Available data:
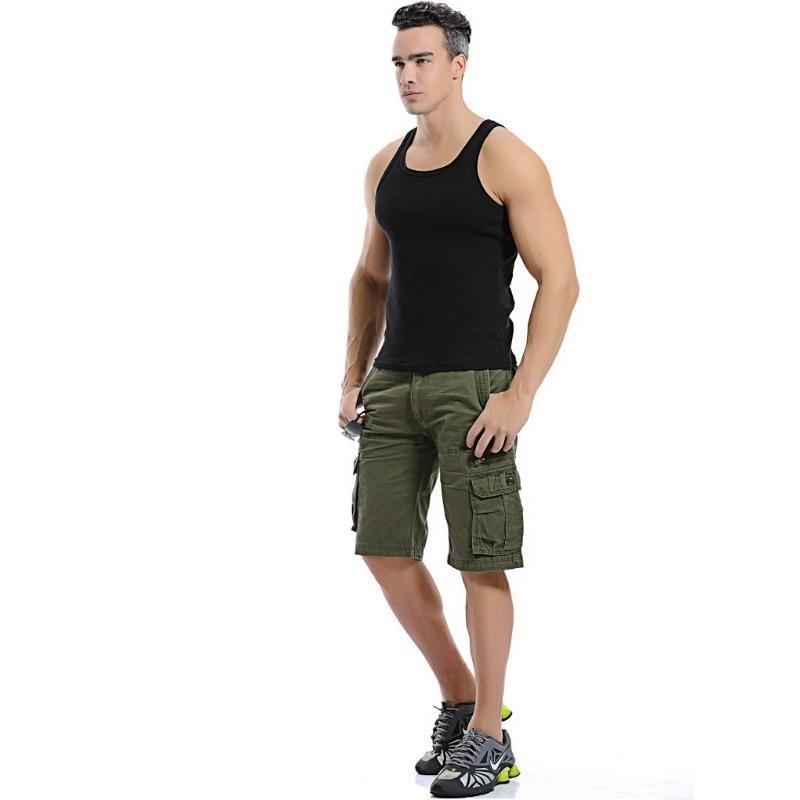 

Summer Men s Workwear Shorts, Outdoor Sports, Multi-pocket, Solid Color Workwear Pants 40 армія зелений колір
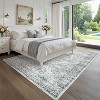Washable Floral Runner Rug - Ultra-Soft Vintage Print Stain-Resistant Carpet Easy-Clean Distressed Floor Mat for Hallway Laundry Room Bedroom - 4 of 4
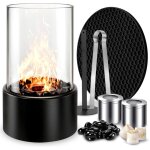 Cheminée de table bio éthanol avec pad pu pierres décoratives durée de combustion plus longue portable ... Cheminée de table bio éthanol avec pad pu pierres décoratives durée de combustion plus longue portable ...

How to complete this task: Take the lines from the one that contains "Washable Floral Runner" through the last line of the material above and reproduce them exactly, leaving out any pictures.

The completed task:
Washable Floral Runner Rug - Ultra-Soft Vintage Print Stain-Resistant Carpet Easy-Clean Distressed Floor Mat for Hallway Laundry Room Bedroom - 4 of 4
 Cheminée de table bio éthanol avec pad pu pierres décoratives durée de combustion plus longue portable ... Cheminée de table bio éthanol avec pad pu pierres décoratives durée de combustion plus longue portable ...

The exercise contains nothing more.